Vanleeward v. State

137 S.E.2d 452, 220 Ga. 135, 1964 Ga. LEXIS 470
CourtSupreme Court of Georgia
DecidedJune 1, 1964
Docket22473
StatusPublished
Cited by5 cases

This text of 137 S.E.2d 452 (Vanleeward v. State) is published on Counsel Stack Legal Research, covering Supreme Court of Georgia primary law. Counsel Stack provides free access to over 12 million legal documents including statutes, case law, regulations, and constitutions.

Bluebook
Vanleeward v. State, 137 S.E.2d 452, 220 Ga. 135, 1964 Ga. LEXIS 470 (Ga. 1964).

Opinion

Mobley, Justice.

1. The general grounds are without merit. The victim of the rape, a 17 year old high school girl, and her boy friend, also 17 years old and a student at Emory University, went to a football game together on the evening of October 19, 1963, and after leaving the game rode around in his automobile and parked on a dead end street. When they had been there about 15 minutes, the car door opened and the defendant thrust a pistol toward them and ordered the boy out of the car. Three *136 of the defendant’s companions then appeared upon the scene. The defendant forced the victim’s boy friend to get into the trunk of the car, and locked him in the trunk. Defendant then demanded that the young lady have sexual intercourse with him, and when she refused, threatened to kill her, beat her, and forced her to submit to him. She testified that there was only partial penetration the first time and that then one of the other boys raped her, and then defendant came back again and had full sexual intercourse with her. His other two companions also raped her. Her testimony was corroborated by her ripped blouse, torn slip, and torn panties, and by pictures showing bruises on her face and neck and testimony of a doctor that his examination revealed bruises on her face, neck, and breast, that her hymen had been recently ruptured, and that she was bloody and that the labia of her vagina were bruised. Her companion, who was locked in the trunk, heard her begging them not to bother her, and he plead with them to no avail, not to harm her. In addition to the foregoing, the defendant gave the officers a signed statement in which he admitted his presence at the scene of the crime, but denied having intercourse with her, saying that his three companions did, one of them twice. The evidence overwhelmingly supports the verdict, showing a cruel, inhumane, bestial rape of a young 17 year old high school girl, who had never before had intercourse, by four males, one of whom, the defendant, forced himself upon her twice.

2. Exceptions to conclusions and rulings by the trial judge upon preliminary and collateral issues, such as a plea in abatement, challenge to the array, and motion to quash the indictment, cannot properly be made grounds of a motion for new trial, but are proper assignments of error in the bill of exceptions. Herndon v. State, 178 Ga. 832 (1) (174 SE 597); See Herndon v. Georgia, 295 U.S. 441 (2) (55 SC 794, 79 LE 1530); Frady v. State, 212 Ga. 84 (1) (90 SE2d 664); Hargroves v. State, 179 Ga. 722 (1) (177 SE 561); Mattox v. State, 181 Ga. 361 (1) (182 SE 11); Ledford v. State, 215 Ga. 799 (1) (113 SE2d 628); Ferguson v. State, 219 Ga. 33, 35 (4) (131 SE2d 538). The reason for the rule is sound and logical, for if the plea in abatement, the challenge to the array, or the motion to quash the indictment are *137 valid, the indictment is null and void and all future proceedings would be nugatory. Thus there could be no new trial, nor would the plaintiff in error desire one.

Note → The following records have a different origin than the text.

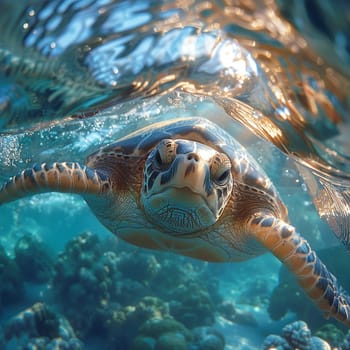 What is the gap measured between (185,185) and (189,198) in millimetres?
177

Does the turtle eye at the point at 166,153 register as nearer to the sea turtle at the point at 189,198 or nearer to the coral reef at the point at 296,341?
the sea turtle at the point at 189,198

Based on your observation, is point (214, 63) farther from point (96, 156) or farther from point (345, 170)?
point (345, 170)

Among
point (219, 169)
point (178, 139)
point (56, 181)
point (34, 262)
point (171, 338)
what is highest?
point (178, 139)

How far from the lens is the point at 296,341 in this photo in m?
6.09

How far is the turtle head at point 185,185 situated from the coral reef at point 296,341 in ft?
12.3

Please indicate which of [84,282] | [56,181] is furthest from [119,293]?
[56,181]

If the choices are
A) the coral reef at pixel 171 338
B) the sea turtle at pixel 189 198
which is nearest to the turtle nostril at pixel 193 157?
the sea turtle at pixel 189 198

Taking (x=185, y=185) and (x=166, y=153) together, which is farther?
(x=166, y=153)

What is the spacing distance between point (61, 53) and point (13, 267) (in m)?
8.03

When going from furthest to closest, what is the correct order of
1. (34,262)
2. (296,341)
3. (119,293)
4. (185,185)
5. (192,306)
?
(34,262), (192,306), (119,293), (296,341), (185,185)

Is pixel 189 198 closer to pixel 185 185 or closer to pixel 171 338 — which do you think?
pixel 185 185

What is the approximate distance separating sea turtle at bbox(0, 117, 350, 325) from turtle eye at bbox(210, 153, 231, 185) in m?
0.01

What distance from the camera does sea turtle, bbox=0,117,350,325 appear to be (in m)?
3.37

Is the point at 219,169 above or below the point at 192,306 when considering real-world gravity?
above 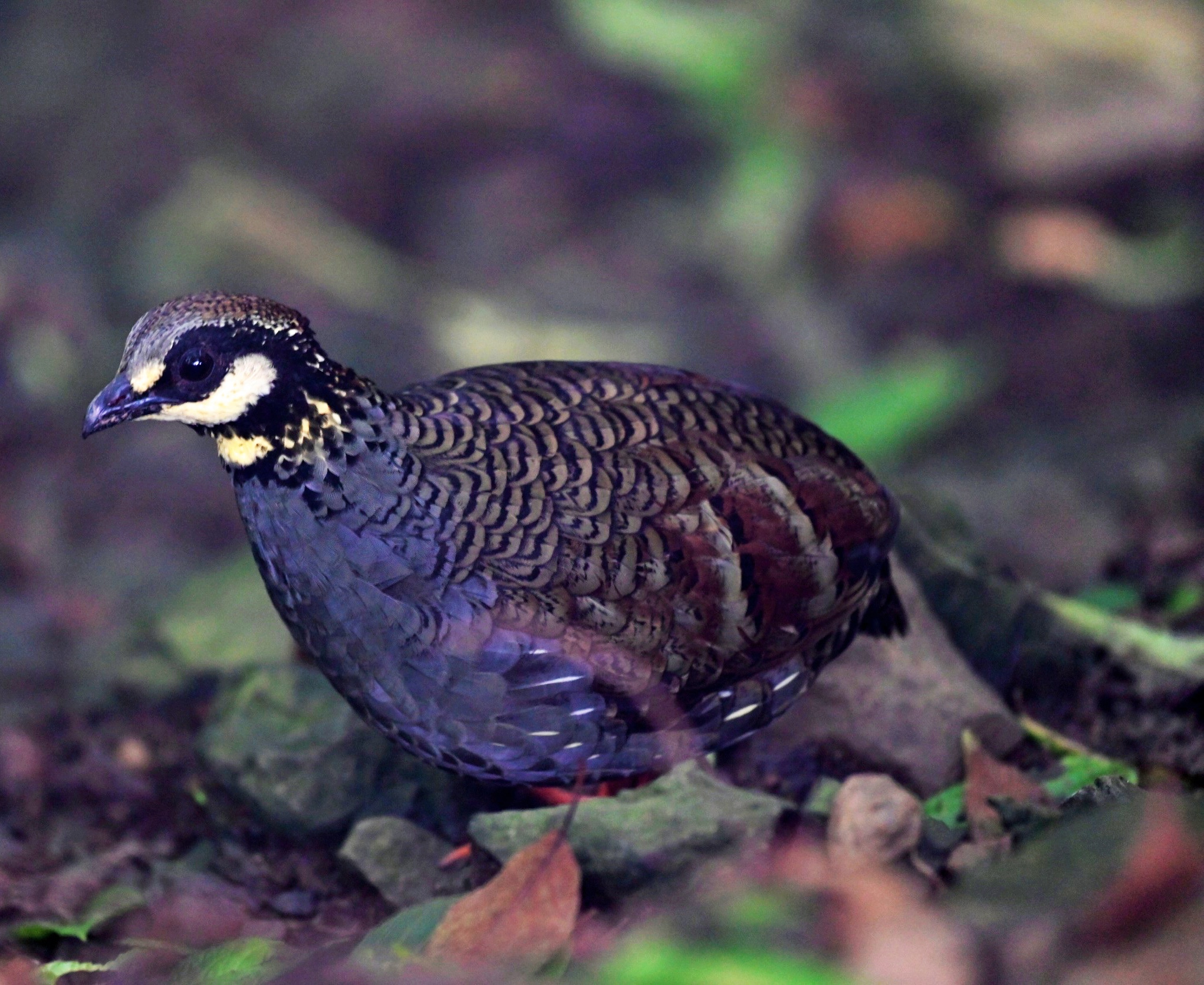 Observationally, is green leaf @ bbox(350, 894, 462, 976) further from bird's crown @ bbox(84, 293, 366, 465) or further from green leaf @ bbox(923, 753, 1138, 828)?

While the foregoing rule has been well established by many decisions of this court over many years, the plaintiff in error contends that an allegation in his bill of exceptions is sufficient to constitute a valid assignment of error on special grounds 1, 2, and 10 of his amended motion for new trial, which complain of the denial of the plea in abatement, the challenge to the array, motion to quash and abate the action; which allegation is as follows, “Each and every ground of said motion for new trial, as amended, and the rulings thereon are incorporated herein by reference and plaintiff in error specifically assigns error upon the respective rulings on each ground of the said motion for new trial, as amended, upon the grounds hereinabove stated.” While this is a backhanded and unorthodox way of making exceptions in the bill of exceptions to rulings of the trial court and not recommended for use in the future, we are of the opinion that this is a valid assignment of error to the special pleas, as the exception can be construed as incorporating in the bill of exceptions the complaints in the motion for new trial to the rulings of the trial court on the special pleas and specifically assigns error thereon. . .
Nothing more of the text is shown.